It seems a few candidate ICs have been identified and other unknown ICs may exist with similar codes.

Before changing anything, be absolutely sure that you know which IC it is and that its connections to other parts match the datasheet.
Just looking at ground doesn't say much, there is 33% random chance that any 3-pin IC has ground on the same pin as yours ;)

Yeah that's true, got a bit excited that it might had been identified.
Guess to only real way of knowing is to measure voltages across it, but I need the broken pcb to send signal aswell for it to start.
Do you think my drawn jury rig above would work without shorting everything to hell?
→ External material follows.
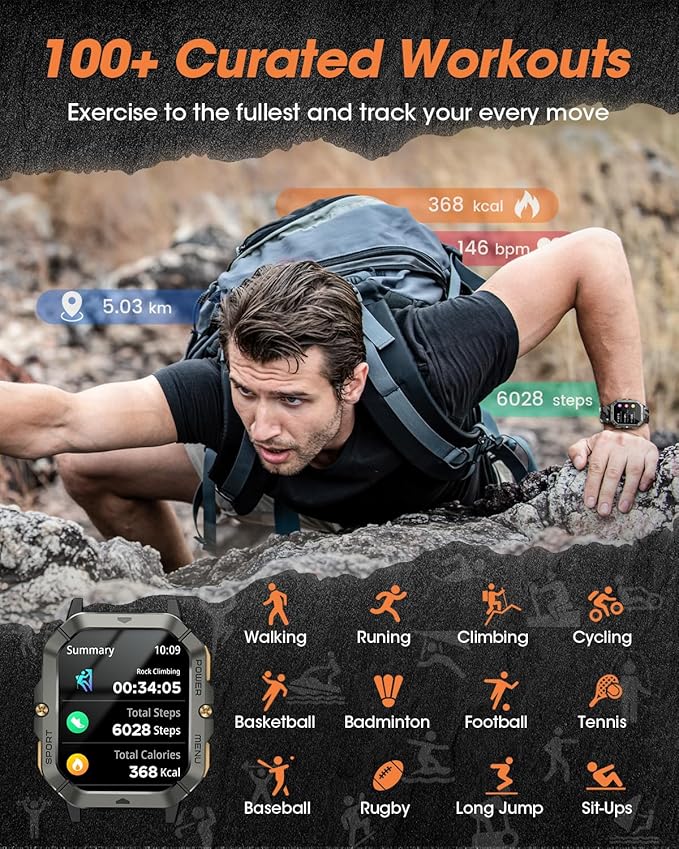 Military Smart Watches for Men (Answer/Make Calls), Watches for Men with Blood Pressure/Heart Rate/Sleep/100+ Sport Modes, 2.02'' Fitness Smart Watch, Waterproof Fitness Tracker for Android and iPhone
Turns out I'm more of an idiot than I thought, ofcourse I can measure voltages, how else would it know not to turn on.
In my defence my craptastic multimeter takes 2-3 seconds to measure voltage sometimes though, so I was a bit hasty when I tried it before.

I just can't get my head around this though, I get:
0,75 V from left to upper leg. (3,14? V on broken pcb)
3,14 V from right to upper (most likely across the C2 capacitor? Same reading on the broken pcb)
2,4 V from right to left leg. (0,11 V on broken pcb)

But I don't get any measurements on the lane going to/from the left leg.
I once again made a picture and added the values I got while measuring.